The answer is clear, and may surprise you. But first, let's take a look at some lead generation challenges.
Cahners Research has shown that 45 percent of qualified leads will end up buying a solution from someone within a year.
Think of lead generation, lead qualification and lead nurturing as progressive steps in a funnel. Marketing pours raw, unfiltered leads from a variety of sources into the top of the funnel.
Ideally, what emerges at the other end—ready for professional handling by a lead-hungry sales force—is a steady supply of qualified leads, each with a defined process and timeframe for buying.
Reality, unfortunately, rarely matches the ideal. All too often, no one is managing what happens to leads once they enter the funnel. Marketing, focusing on lead cost instead of quality, thinks it has done its job simply by dumping in the unfiltered leads. No one contacts the inquirers to do lead qualification. No one augments the leads with demographic and firmographic data. No one engages with long-term suspects via lead nurturing to convert them to short-term, qualified sales opportunities. No one evaluates the effectiveness of the lead sources.
In this garbage-in, garbage-out lead generation scenario, you can’t blame sales reps for ignoring the output. Who should process leads?
A lead is a general classification of an individual with an actionable need for a product or service. Short-term leads, also called qualified sales opportunities, are ready buyers that have the potential to close within one or two sales cycles.
Only a small portion of freshly generated leads typically fall into the short-term category. The root of the broken lead generation “system” described earlier is lead qualification: little or no effort has been made to determine whether each raw lead has any potential at all, much less whether it is short-term or long-term.
Whose job is lead qualification and lead nurturing? In our observation of how hundreds of companies treat leads, the bulk of the work overwhelmingly rests with sales—and that is a recipe for failure. Even if leads are pre-qualified, sales people are notoriously poor in following up on all but the hottest of leads. In fact, experts say, sales does not follow up on more than 70 percent of leads provided to them.

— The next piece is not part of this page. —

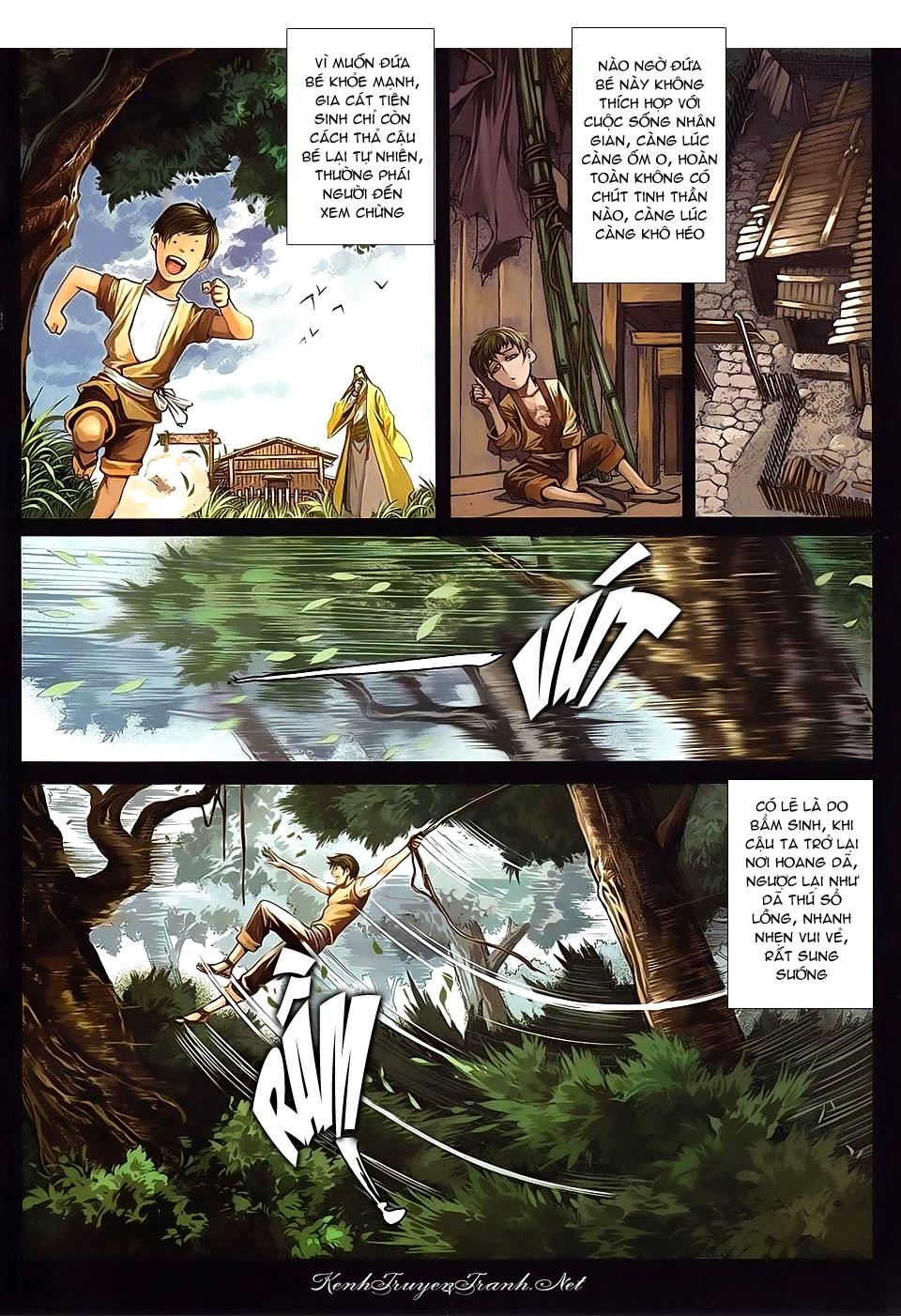 Truyện VI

Management rightfully motivates and compensates sales people to focus on making the immediate numbers, not on building a pipeline of prospects. To fully leverage the talents of your sales force, don’t expect sales reps to filter leads, qualify them, and then cultivate the long-term ones until they are ready buyers. They just won’t do it.
Traditional marketing departments are also not the best equipped for this important job. They are filled with brand builders or communicators who do not possess lead generation skills and technology, or they are measured on “response rates” and “cost-per-lead,” which are the wrong metrics.

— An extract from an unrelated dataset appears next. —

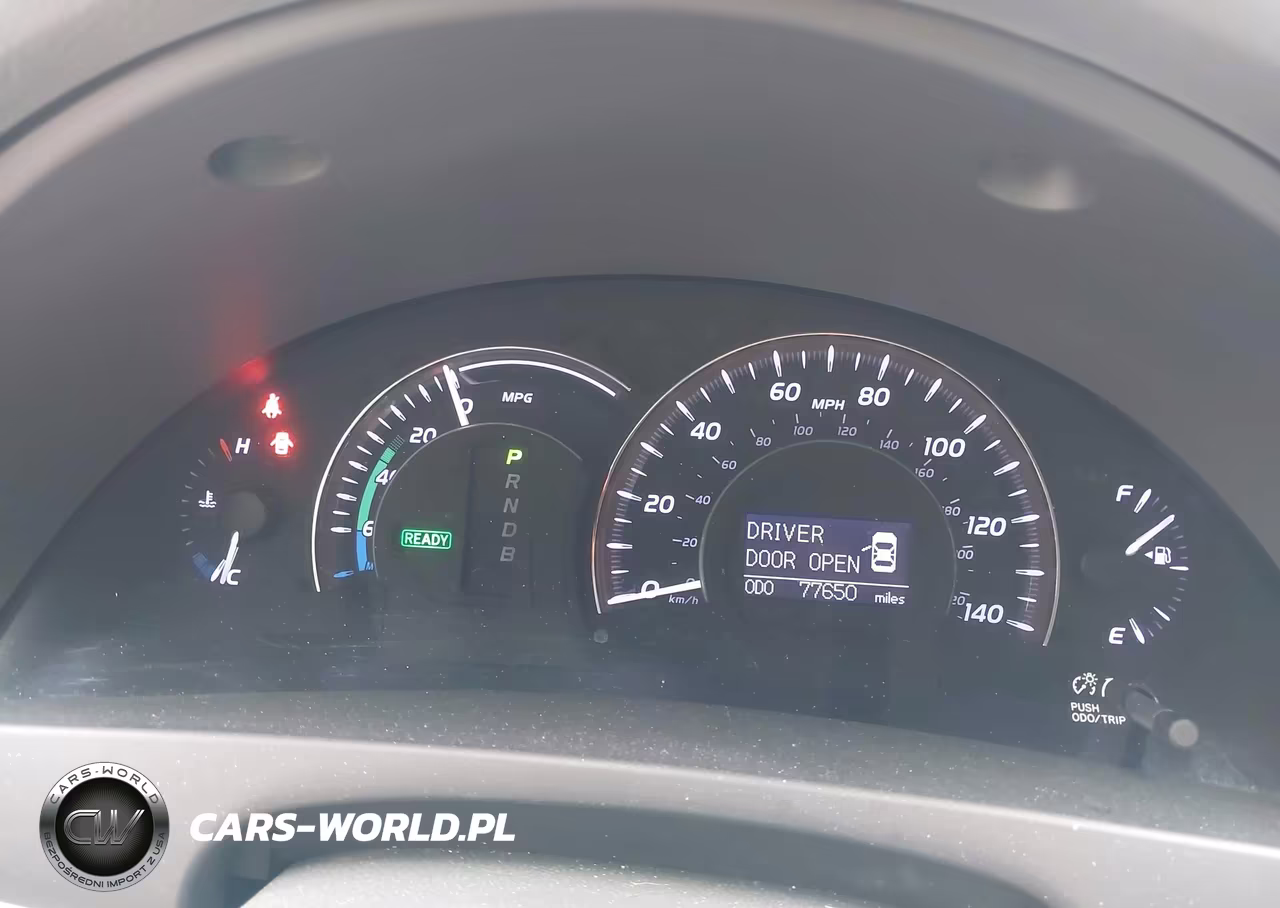 2011 Toyota Camry Hybrid VIN:4T1BB3EKXBU130244 - 7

In our experience, best practices suggest that a separate group, inside or outside the company, needs to take control of the vital lead generation, lead qualification and lead nurturing functions. Think of this group of specialists as “lead farmers,” or prospect development specialists—they qualify raw leads, nurture lukewarm prospects into the hot category, and turn the developed leads over to the sales force for harvesting. Often this process takes months.
A developed lead is one that sets the stage for relationship selling. A lead farmer equips the sales rep with in-depth knowledge about the prospect. With advance insight into the prospect’s motivations, pain points and buying plans, the sales rep can engage the prospect in a consultative conversation rather than launching into a cold-call presentation or a discovery interview.